May 16, 2012
When invoking the Great Filter as an explanation for the Great Silence, we have yet to determine the exact nature of the filter. It's conceivable, though unlikely, that it resides in our past (fingers are crossed that this is the case). If so, the rise of prokaryotes and eukaryotes is probably what we're looking for.
But, if the filter resides in our future, the question needs to be asked, What is it exactly that prevents civilizations from embarking on interstellar colonization?
One of the stronger, though more disturbing suggestions, is that all civilizations destroy themselves before they can send out a wave of self-replicating colonization probes. For the sake of this particular argument, let's assume that doom is in fact the Great Filter. If this is the case, what could it be, and when would it happen?

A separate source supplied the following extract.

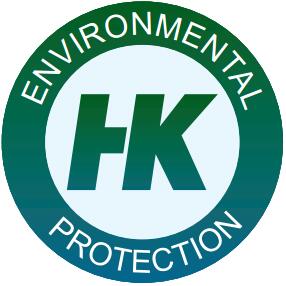 ���Ϻ㿭��������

It's probably not environmental devastation, as that's a weak force for something that's supposed to be existentially catastrophic, nor does it seem universal as far as extraterrestrial civilizations are concerned. It's more reasonable to suggest, therefore, that something in our technological arsenal will destroy us. It's clearly not nuclear weapons, as we've figured out a way to live alongside their presence; there's even talk of disarmament. So, it has to be something we come up with in our future. And whatever that technology is, it has to be completely uncontainable and catastrophic.

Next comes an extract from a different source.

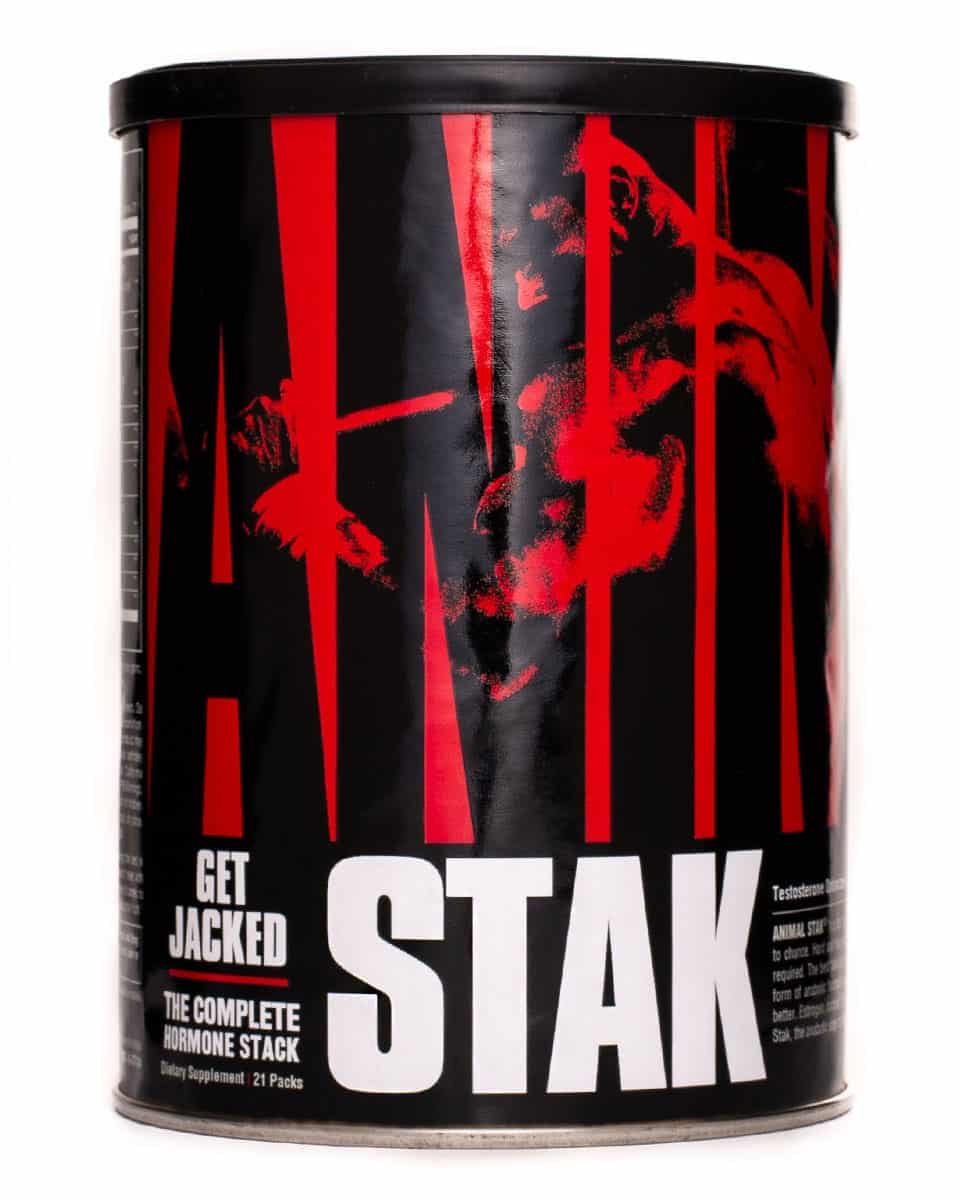 Animal Stak Review (UPDATE: 2023) | 11 Things You Need to Know Animal Stak Review (UPDATE: 2023) | 11 Things You Need to Know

Only two things come to mind: molecular nanotechnology and machine superintelligence.
Given that doom has to come before the launch of self-replicating probes, this indicates that we have to experience doom prior to the invention of diamondoid data storage and nanocomputing along with the requisite robotics and AI capacities; these are the ingredients to von Neumann probes. It also means doom before, or at the point of, the advent of strong artificial general intelligence (because an SAI could develop probe-enabling technologies). This would suggest that either (1) the onset of machine superintelligence is somehow causing the filter or (2) the precursors to probe-enabling nanotechnology are fatally catastrophic in all instances (e.g. weaponized molecular nanotechnology).
If this is the case, then I would expect doom no earlier than 25 years from now, but no later than 50-75 years from now.
There's also the possibility, of course, of a wildcard technology (either through convergence or something we haven't considered yet).
Again, I'm not suggesting that doom is certain — there are other non-doom explanation for the Fermi Paradox. I'm just venturing down this particular line of inquiry.